Information shown Block Start
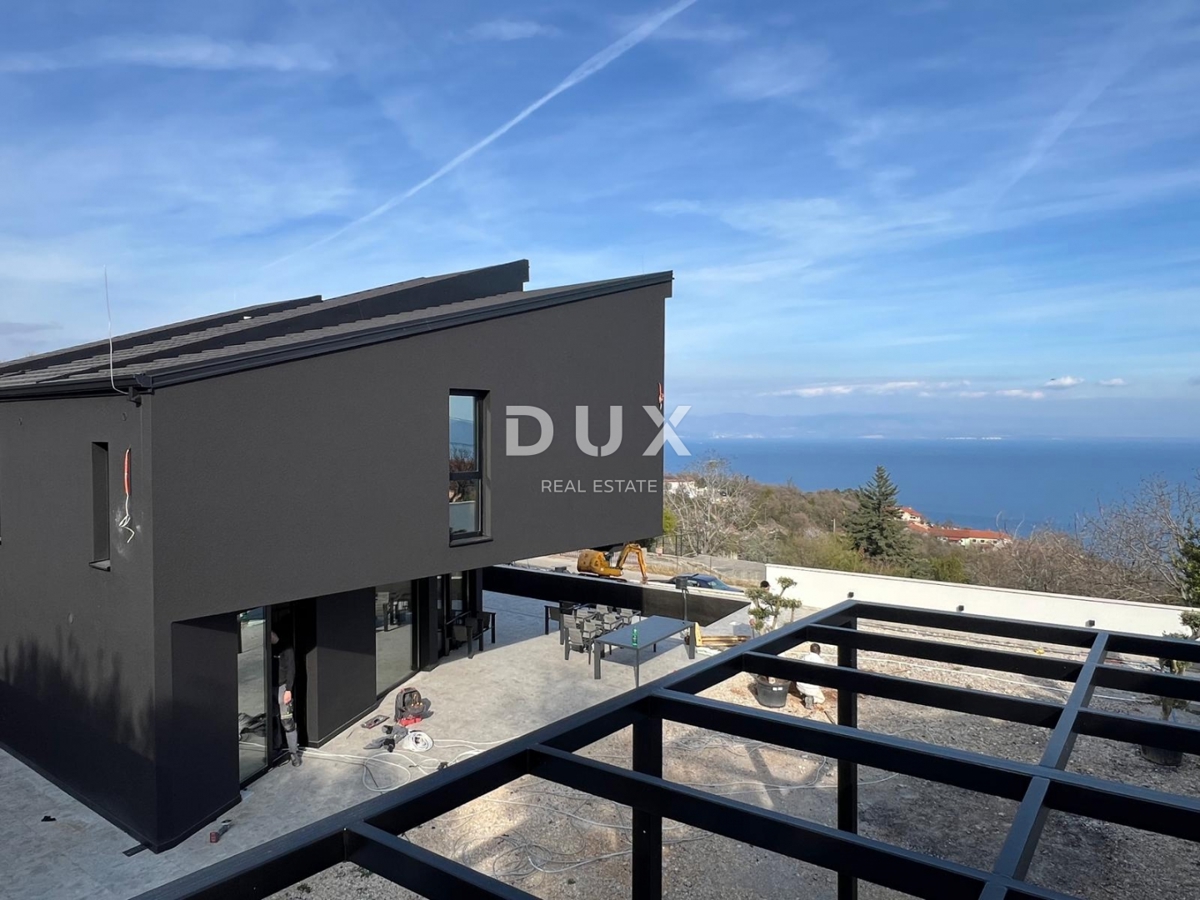 OPATIA, ST. JELENA - villa 250m2 con vista panoramica sul mare e piscina + giardino paesaggistico 1200m2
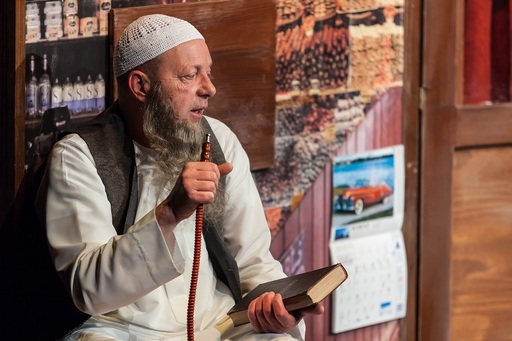 "Domnul Ibrahim şi florile din Coran", un spectacol despre compasiune care rămâne actual, de 10 ani la Teatrul Metropolis
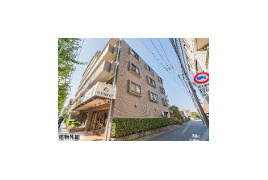 ライオンズマンション世田谷若林の外観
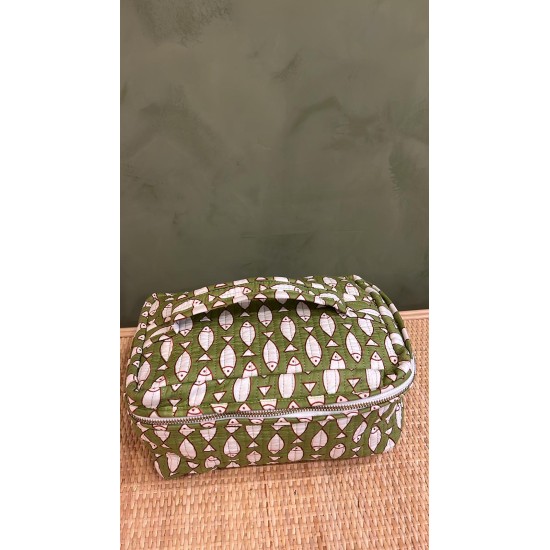 Green, White fish Square  Vanity bag اكسسوارات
Information shown Block End
Write out all of the data above exactly, without any of its pictures.

Reply:
 OPATIA, ST. JELENA - villa 250m2 con vista panoramica sul mare e piscina + giardino paesaggistico 1200m2
 "Domnul Ibrahim şi florile din Coran", un spectacol despre compasiune care rămâne actual, de 10 ani la Teatrul Metropolis
 ライオンズマンション世田谷若林の外観
 Green, White fish Square  Vanity bag اكسسوارات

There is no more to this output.